BRIEF DESCRIPTION OF DRAWINGS
[0021] The present invention can be more fully understood by
reading the following detailed description of the preferred
embodiments, with reference made to the accompanying drawings,
wherein:
[0022] FIG. 1 is a block diagram illustrating a processor having a
dynamic branch predictor and a unnecessary dynamic branch
prediction elimination system co-functioning with the dynamic
branch predictor according to an exemplary embodiment of the
present invention; and
[0023] FIGS. 2 to 4 are flow charts depicting the general processes
of a method for dynamic branch prediction according to the present
invention.
DETAILED DESCRIPTION OF THE PREFERRED EMBODIMENTS
[0024] The following embodiments are described in sufficient detail
to enable those skilled in the art to make and use the invention.

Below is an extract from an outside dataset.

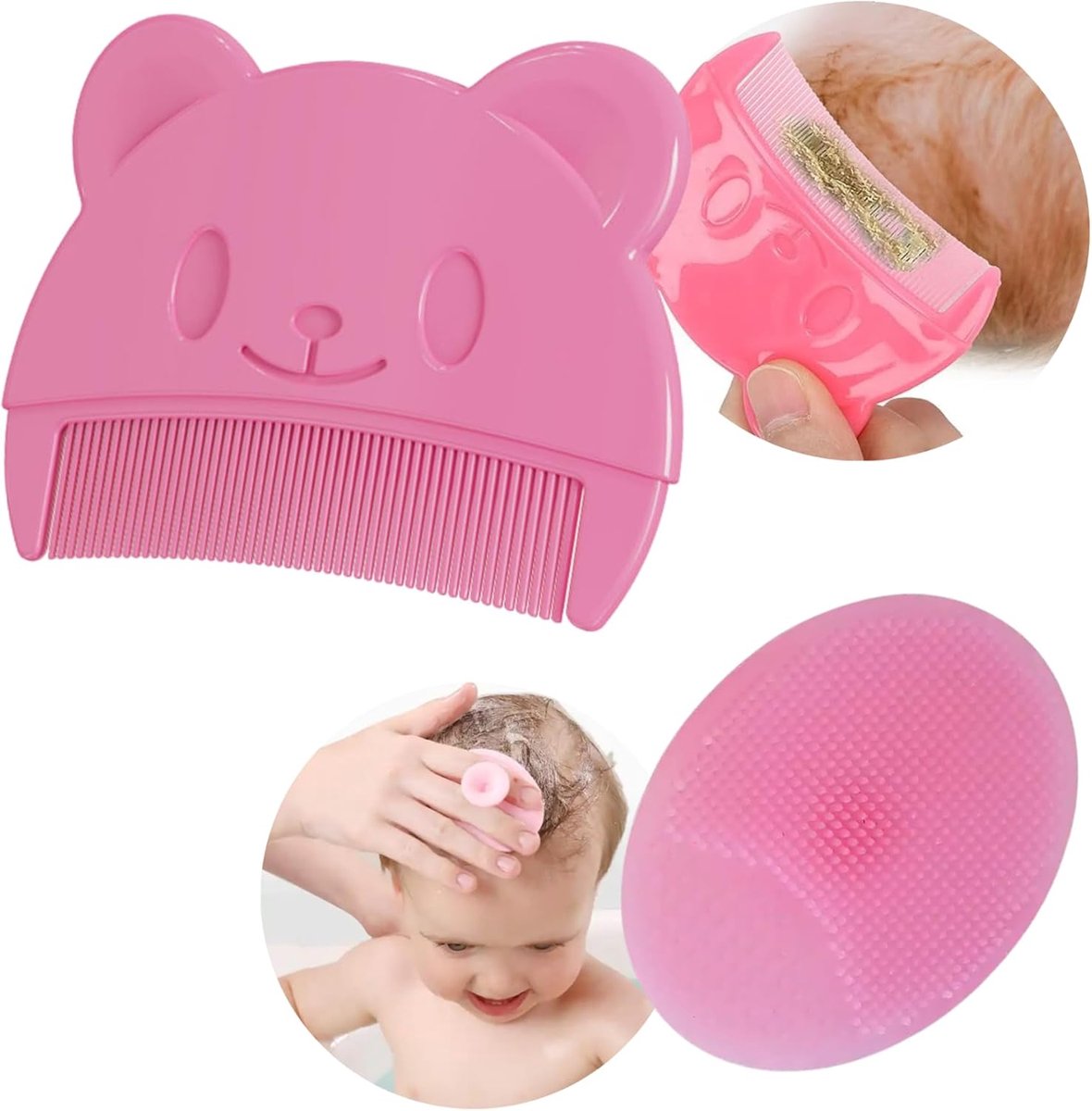 Thijox - 2 stuks Baby Kam en Badborstel Set voor Pasgeborenen - Zachte Massageborstel en Korfkam tegen Melkschors - Roze, Perfect voor Babyverzorging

It is to be understood that other embodiments would be evident
based on the present disclosure, and that proves or mechanical
changes may be made without departing from the scope of the present
invention.
[0025] FIG. 1 is a block diagram of a processor 2 having a dynamic
branch predictor 11 and an unnecessary dynamic branch prediction
elimination system 1 co-functioning with the dynamic branch
predictor 11 according to an exemplary embodiment according to the
present invention. The unnecessary dynamic branch prediction
elimination system 1 comprises a branch distance generation and
collection module 13, a branch distance table 15, a dynamic branch
prediction enabling module 17 and an incorrect predictor access
handling module 19.
[0026] In a preferred embodiment, a term "branch distance (BD)" is
defined as a number of non-branch instructions between two
consecutive branch instructions. If the processor 2 is revealed the
BD of branch instructions early, dynamic branch prediction
operations associated with the in-between non-branch instructions
can be avoided. In general, the dynamic branch predictor 11
comprises a direction predictor 111 and a branch target buffer
(BTB) 112. Various implementations of the direction predictor 111
use different ways to record the branch status and use it to
predict the branch direction. Furthermore, hybrid implementations
integrate several sub-predictors to improve prediction accuracy and
are widely used in general-purpose processors for desktops or
workstations. The BTB 112, which is used for recording target
addresses, is a cache in nature. If the BTB 112 hits and the branch
direction is predicted taken, the branch target address is used as
the next PC. Otherwise, the next sequential instruction address
(PC+4) is used. A dynamic branch predictor in an embedded processor
usually integrates the direction predictor 111 and the BTB 112. Two
branch history bits in each entry of BTB represent possible
prediction states. The exemplary dynamic branch predictor 11, the
direction predictor 111, and the branch target buffer 112 are not
limited to that described and illustrated, and not used to limit
the claim scope of the unnecessary dynamic branch prediction
elimination method and system thereof of the present invention.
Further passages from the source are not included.